## MATERIAL FOR THIS EXERCISE
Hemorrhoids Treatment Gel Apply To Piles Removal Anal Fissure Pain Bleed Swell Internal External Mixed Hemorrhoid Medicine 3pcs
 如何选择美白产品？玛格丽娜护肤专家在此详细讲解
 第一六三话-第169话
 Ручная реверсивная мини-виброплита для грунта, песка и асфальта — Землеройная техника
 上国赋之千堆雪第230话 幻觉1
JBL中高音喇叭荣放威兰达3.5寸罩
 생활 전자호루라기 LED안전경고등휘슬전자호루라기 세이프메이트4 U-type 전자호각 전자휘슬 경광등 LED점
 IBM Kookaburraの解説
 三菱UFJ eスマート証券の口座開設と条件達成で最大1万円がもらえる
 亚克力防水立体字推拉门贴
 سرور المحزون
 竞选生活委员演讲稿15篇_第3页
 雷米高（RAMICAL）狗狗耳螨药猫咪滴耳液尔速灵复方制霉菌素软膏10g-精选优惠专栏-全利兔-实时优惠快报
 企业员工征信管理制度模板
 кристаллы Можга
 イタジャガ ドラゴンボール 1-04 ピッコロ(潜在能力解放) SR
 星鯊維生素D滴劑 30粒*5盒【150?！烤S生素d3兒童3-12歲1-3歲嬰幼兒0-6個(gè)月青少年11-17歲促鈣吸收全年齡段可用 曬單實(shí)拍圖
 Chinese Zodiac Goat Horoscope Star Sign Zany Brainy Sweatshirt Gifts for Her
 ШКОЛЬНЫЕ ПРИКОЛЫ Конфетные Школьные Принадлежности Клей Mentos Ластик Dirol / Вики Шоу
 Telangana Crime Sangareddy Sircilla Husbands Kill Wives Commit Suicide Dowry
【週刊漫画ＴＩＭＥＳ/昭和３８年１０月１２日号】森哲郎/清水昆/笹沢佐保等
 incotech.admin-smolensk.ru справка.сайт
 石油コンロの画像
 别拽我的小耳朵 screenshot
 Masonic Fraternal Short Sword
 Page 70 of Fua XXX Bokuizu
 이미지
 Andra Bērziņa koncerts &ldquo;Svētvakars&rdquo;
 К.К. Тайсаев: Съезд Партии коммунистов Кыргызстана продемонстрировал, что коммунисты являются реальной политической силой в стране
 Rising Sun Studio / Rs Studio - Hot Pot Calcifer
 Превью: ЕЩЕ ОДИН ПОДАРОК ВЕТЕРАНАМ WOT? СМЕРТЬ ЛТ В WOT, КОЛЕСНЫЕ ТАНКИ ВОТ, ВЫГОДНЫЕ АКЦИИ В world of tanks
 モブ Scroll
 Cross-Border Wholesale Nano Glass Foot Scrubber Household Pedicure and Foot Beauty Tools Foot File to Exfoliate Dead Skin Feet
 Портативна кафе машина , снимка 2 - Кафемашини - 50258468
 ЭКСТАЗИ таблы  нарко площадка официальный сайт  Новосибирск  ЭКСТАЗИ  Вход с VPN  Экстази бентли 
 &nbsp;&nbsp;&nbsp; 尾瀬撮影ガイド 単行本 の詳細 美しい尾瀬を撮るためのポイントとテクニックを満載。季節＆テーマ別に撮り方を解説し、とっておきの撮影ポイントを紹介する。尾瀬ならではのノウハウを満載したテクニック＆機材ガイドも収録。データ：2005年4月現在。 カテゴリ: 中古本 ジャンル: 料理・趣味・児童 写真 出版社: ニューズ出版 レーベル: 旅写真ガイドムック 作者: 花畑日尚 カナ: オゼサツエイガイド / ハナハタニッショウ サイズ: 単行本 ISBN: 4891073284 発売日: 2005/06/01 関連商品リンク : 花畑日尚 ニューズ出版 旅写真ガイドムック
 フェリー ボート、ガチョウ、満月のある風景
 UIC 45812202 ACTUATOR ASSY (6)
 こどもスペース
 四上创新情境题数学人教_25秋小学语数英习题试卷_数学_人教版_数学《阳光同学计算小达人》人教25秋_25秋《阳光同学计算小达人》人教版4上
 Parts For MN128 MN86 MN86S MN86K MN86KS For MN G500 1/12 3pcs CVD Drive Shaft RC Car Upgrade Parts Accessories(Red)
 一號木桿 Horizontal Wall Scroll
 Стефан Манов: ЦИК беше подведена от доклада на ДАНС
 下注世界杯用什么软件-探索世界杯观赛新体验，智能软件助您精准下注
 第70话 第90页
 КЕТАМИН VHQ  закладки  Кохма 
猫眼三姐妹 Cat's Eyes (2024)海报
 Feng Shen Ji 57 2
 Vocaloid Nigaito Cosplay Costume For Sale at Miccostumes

## REQUIREMENT
In the entries above, the lines between the one holding "别拽我的小耳朵 screenshot" and the one holding "нарко площадка официальный", inclusive, are to be printed exactly as written, and those alone.

## WRITTEN ANSWER
 别拽我的小耳朵 screenshot
 Masonic Fraternal Short Sword
 Page 70 of Fua XXX Bokuizu
 이미지
 Andra Bērziņa koncerts &ldquo;Svētvakars&rdquo;
 К.К. Тайсаев: Съезд Партии коммунистов Кыргызстана продемонстрировал, что коммунисты являются реальной политической силой в стране
 Rising Sun Studio / Rs Studio - Hot Pot Calcifer
 Превью: ЕЩЕ ОДИН ПОДАРОК ВЕТЕРАНАМ WOT? СМЕРТЬ ЛТ В WOT, КОЛЕСНЫЕ ТАНКИ ВОТ, ВЫГОДНЫЕ АКЦИИ В world of tanks
 モブ Scroll
 Cross-Border Wholesale Nano Glass Foot Scrubber Household Pedicure and Foot Beauty Tools Foot File to Exfoliate Dead Skin Feet
 Портативна кафе машина , снимка 2 - Кафемашини - 50258468
 ЭКСТАЗИ таблы  нарко площадка официальный сайт  Новосибирск  ЭКСТАЗИ  Вход с VPN  Экстази бентли 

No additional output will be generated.